‘Man is a social animal’. ‘A sense of belonging is one of our most fundamental needs’. So what does it mean when a money manager says he or she ‘is a value investor’ or the lover who says to the other ‘I am yours’ or the voter who exercises his or her franchise on the basis of the candidate’s caste, religion or ideological beliefs (rather than the candidate’s inherent capability) or the movie lover who bases choice on box office collection / crass popularity?
This sense of belonging emanates from one (or more) of many factors: conditioning, habit, fashion, prejudice, laziness or plain herding behavior. The common theme between all these factors is lack of clear and deep thought in making one’s choice.

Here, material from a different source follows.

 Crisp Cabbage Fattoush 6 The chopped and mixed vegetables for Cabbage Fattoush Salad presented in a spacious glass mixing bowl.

What does this sense of belonging do to a person? Isn’t it true that unconditionally accepting the default or popular choice ends up limiting our own perspective? This cramps our free thought, makes us follow compliant behavior and creates deep (but consciously unacknowledged) conflict in our psyche.

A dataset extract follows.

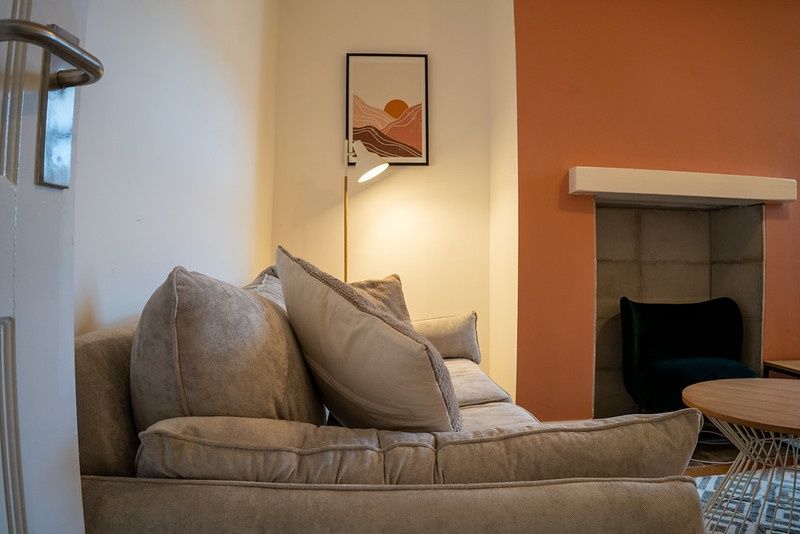 Property photo 3 of 8 A Cozy And Inviting Living Room Featuring A Comfor...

A sure shot way of limiting discovery is to associate with the thought of others. This gets played out in our world in every sphere of life – the tribe of value investors which grows each time the market heads south; more lately, the people that identify with majoritarianism (hitherto silent or hesitant for some reason) are making themselves heard since the political environment turned more conducive; the soldiers that were ‘only following orders’. Does this also not explain the trend of mind-numbing movies being part of the ‘100 Crore club’? The more vacuous a movie is, the more it collects since an entire tribe has been created of people who believe that a motion picture extravaganza starring ABC or directed by XYZ has to be a blockbuster. I can imagine these stars and directors waking up each morning and praying to their god/goddess of wealth to increase this tribe of ‘dimaag ghar pey raakh kay aaneka’ types.
Well, the point is that each moment spent without exercising free thought and choice or inhibiting discovery is a crime against evolution and nature. Our species evolved to discover and not to inhibit our thought, much as our leaders, elders, priests, teachers, and bosses would like us to.
Daniel Kahneman through his seminal research (a good start is his brilliant book Thinking, Fast & Slow) suggests that the human mind has two systems in use: a reactive, instantaneous and instinctive System 1 that makes decisions on the fly; and a more deliberate, slow and thoughtful (but lazy) System 2 that analyses, rationalizes and makes rational decisions. System 1 had its utility ages back when fight or flight decisions needed to be taken on cue. Then came a phase where deep thought (System 2) and innovation led to discoveries, inventions and the industrial age. Now (say the last 5-10 years) we are back to the stimulant times that involve System 1 again although the stimulants are nowhere near the momentary (or imperative) kinds that say predators wrought on us. Movies, e-games, binge TV watching……stimulation is its own reward; why invoke System 2?
I’ve always struggled with my fence-sitting tendencies and have often been mocked and ribbed by my critics and idealistic friends respectively for this. Self-doubt, un-conventionalism and non-compliance are not the crimes they are made out to be. Always ask ‘What If?’ and ‘Why Not?’. Stay weird, stay different.